第6話
「なあ、タケル、今日は川にしない?」
「川あ?」
「そう、なんかさあ、毎日毎日、山だとさあ」
「あれでしょ、マンネリ」
「そうそう、それそれ!」
けらけらとゲン君が子犬のように笑う。
「僕、泳ぎは得意だよ」
ふん、と胸をのけぞらせて、僕は鼻から息を吐く。
「マジで!でもさ、都会っ子でしょー」
「マ・ジ・で!川で泳いだことはないけど、きっと泳げるんですー」
「何その自信―!」
「ちっちゃい頃から、泳ぎだけは得意なんですー」
ゲン君は笑いすぎで、ころころと転がるんじゃないかと思うほどだ。
僕は笑い続けるゲン君のほっぺたを抓りあげて、わざと唇を尖らせる。
「教えてやるよ、川には川のルールがあんの」
ふっとケン君が腕組みをして、にやりと笑った。
やまちゃんは、留守だった。
僕たちはじゃれ合いながら、塊になって坂を転げ、川っぺりまで駆けていく。
「そこの、色が深くなってる部分は、危ないから近寄ったら駄目だ」
ケン君が、危ない場所としてはいけないことを、ひとしきり教えてくれる。
みんなは腕組みをして、うんうんと頷く。
「それじゃ、入ってよし!」
掛け声で、僕たちは団子のまま、川に突っ込む。
少しずつ、水をかけて身体を慣らさなきゃ、っていってなかったっけ?
水をかけあい、びしょびしょになったシャツを岩の上に脱ぎ捨て、靴を蹴り脱いで、僕たちは水に潜る。
始めの内は、誰かの腕が、絶えず僕に触れていたけれど、やがて僕が落ち着いて潜れるようになると、安心したように遠ざかる。

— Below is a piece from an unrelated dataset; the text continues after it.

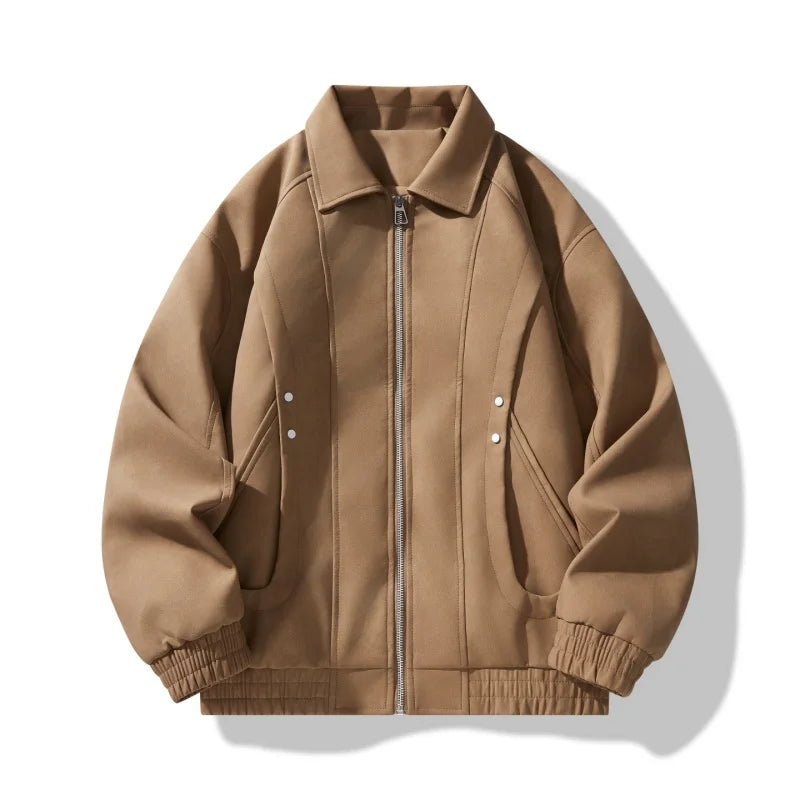 Slim-Fit Herenjas van Kunstleer met Winddichte Eigenschappen – Modern Ontwerp voor Casual en Formele Gelegenheden 2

何度か潜って泳ぐうち、川に慣れた僕は、魚のように泳いだ。
誰よりも早く、長く、深く、泳ぐ。
自由だった。
「タケル、すっげえ!」
「魚みたいでしょ」
「や、マジで、マジで魚みたい!」
「なんで、なんでそんなに上手いの!」
「んー、子供の頃から、身体を丈夫にしないとって、習わされてた」
「もやしっ子だもんな」
「違うから」
突き合って笑う。
ひとしきり泳いで、水に浮いていたら、ケン君がすいっと隣に並んだ。
「呼吸器、弱いの?」
「…なんで?」
「俺のいとこも、喘息で、体力作りにって水泳習ってた」
「うん」
「でも、習いすぎてさ、平気でキロ単位泳ぐんだぜ?身体弱いとか、信じられねえ」
「僕も、もう大丈夫だよ」
「だろ?そうだと思った」
ほっとしたように吐息を漏らすと、ケン君はくるりと向きを変えて、にんまりと笑い、僕の身体にのしかかる。
「この、詐欺め!」
「やめろって、こら、ケン!」
ぎゃーぎゃーとはしゃぐ僕たちに、次々に仲間が加わり、あっという間にもつれて水しぶきが跳ねあがる。
こんなに楽しいのは、いつ以来だろう。
「なあ、俺たち、親友だな」
岩の上に這いあがり、皆で背中をくっつけて空を見上げていたら、誰かがしみじみと、そう零した。
くふふ、と誰ともなくくすぐったそうな笑い声が漏れて、みんなで肘を小突いて笑う。
青い空を見上げる胸の奥深くが、ぎゅっと切なくなった。
厭な奴らだと思っていたけど、本当は、いい奴らだったんだ。
僕が、逃げていたから、分からなかったけど。
もしかしたら、クラスの奴らも、そうかもしれない。
僕が読んでいる本が気になって、休み時間もまとわりついてくるのかも。
やまちゃんが言っていた、親しい友達はあだ名で呼ぶんじゃないのかって。
「メガネ君」はあいつらなりの、話をしようぜ、の合図なのかも。
他のあだ名にしろよ、って、次は笑って言ってみよう。
すぐには打ち解けないかもしれないけど、夏休みが終わったら、ここでの話をしてみよう。
長谷川君は、休み明け、必ず「どうだった?」て聞いてくるから。